Dalam draf tersebut memiliki kontroversi yang berdampak mengenai Hak Asasi Manusia. Kenapa tidak? Dalam draf RKUHP tersebut mempunyai pasal-pasal yang membungkam kebebasan sipil, berekspresi, berpendapat dan kebebasan pers. Tentu hal ini berdampak begitu besar bagi rakyat, sebab. Dalam pasal tersebut tentu jadi boomerang bagi rakyat.

Dalam penghinaan tentu tak menjadi soal. Namun hal tersebut tidak memiliki sudut pandang yang objektif dalam menilai, apakah ini dikatakan penghinaan atau mengkritik?. Semisal. “Presiden Jokowi Dodo adalah salah satu anak buah perampok, dalam menghisap dan menindas rakyat demi kelangsungan hidup oligarki.” Atau “Rektor UNM adalah Rektor pecundang, karena tak mampu mengimplementasikan permen No 30 tahun 2021. Tentang penanggulangan dan pencegahan Kekerasan Seksual.”
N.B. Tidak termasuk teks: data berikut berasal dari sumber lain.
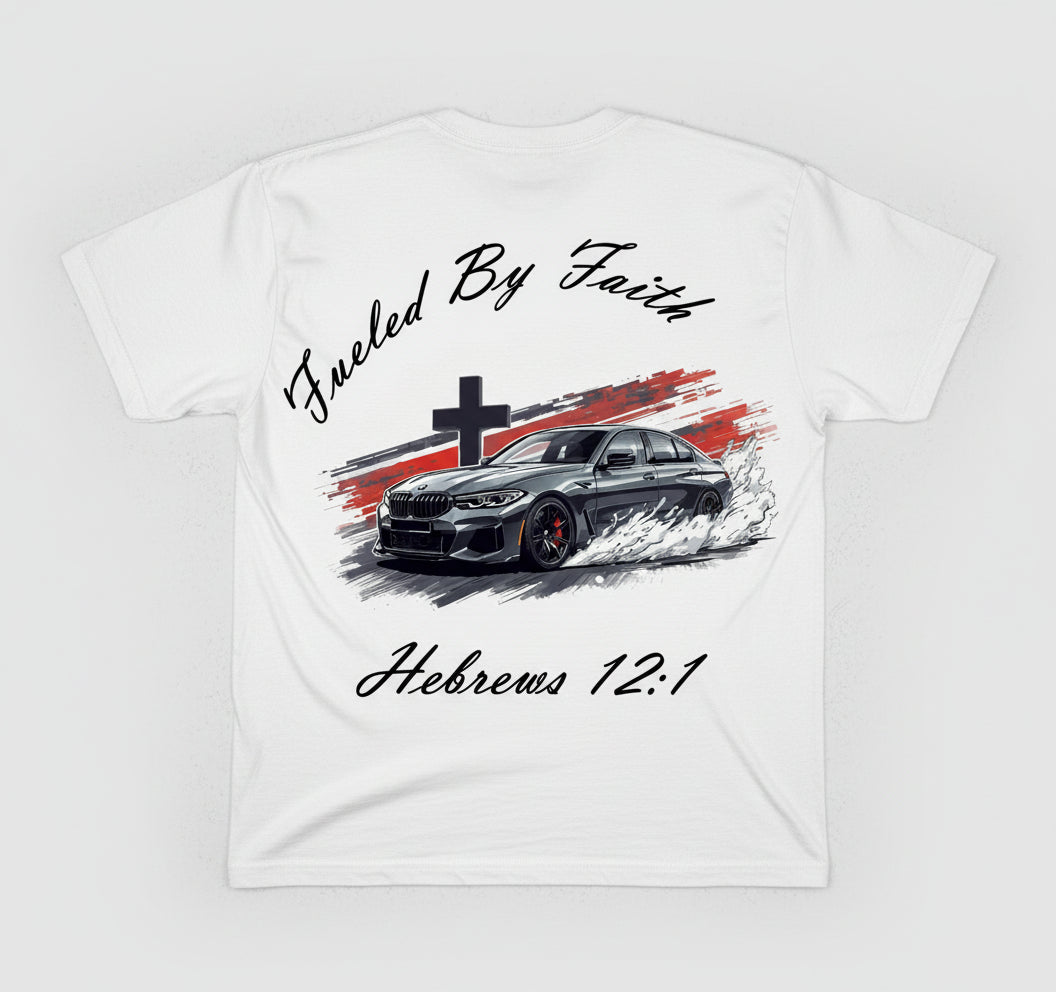 Fueled By Faith - Hebrews 12:1 -  Men's T-shirt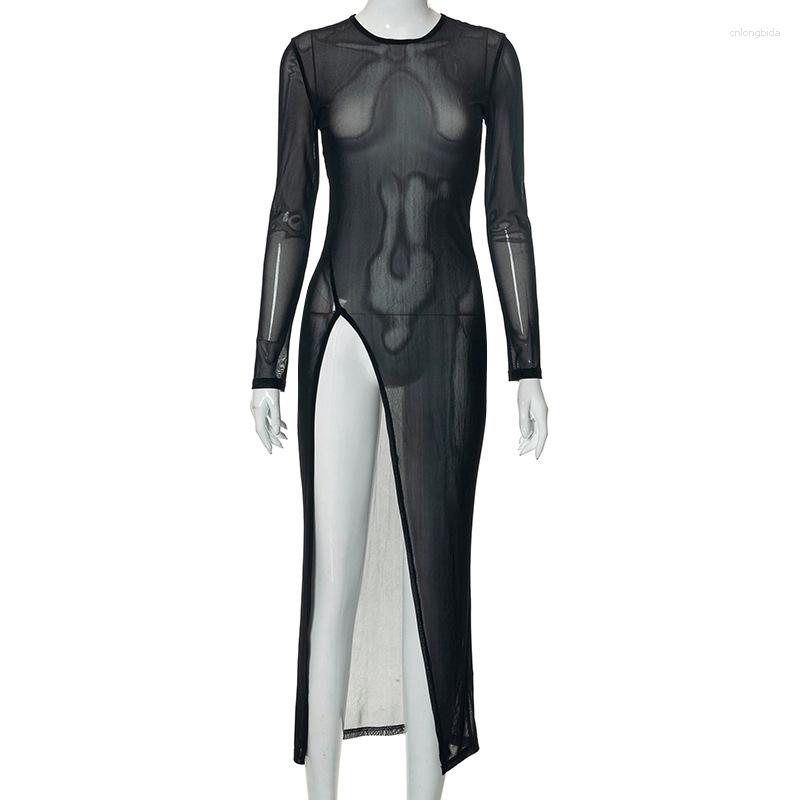 Casual Dresses Gtpdpllt Mesh Sheer Sexy Dress Summer Elegant Outfits For Women Long Sleeve Transparent Maxi Y2k Split Beach Bodycon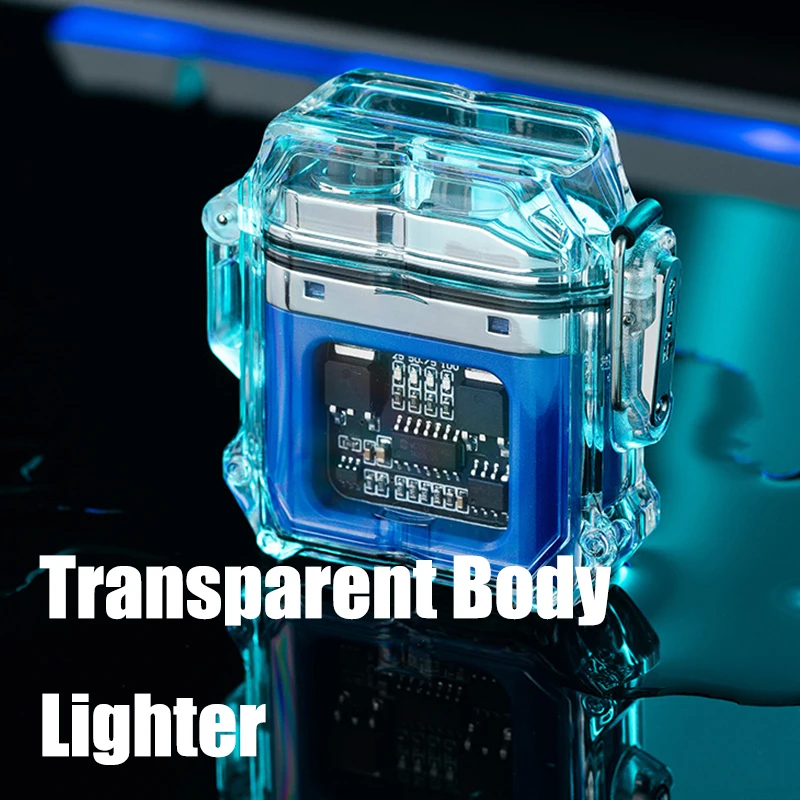 

Transparent Body Lighter Double Arc Plasma Electric USB Pulse Lighter Outdoor Windproof Waterproof Smoking Accessories Gift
Tentu banyak yang mengatakan diksi di atas adalah menghina dan banyak juga mengatakan bahwa hal tersebut adalah kritikan. Inilah yang sebenarnya menjadi masalah hari ini, rakyat memberikan masukan dan kritikan untuk sama-sama mendiskusikan masalah, agar memiliki jalan solusi yang baik. Malah dituduh menghina dengan sudut pandang yang subjektif.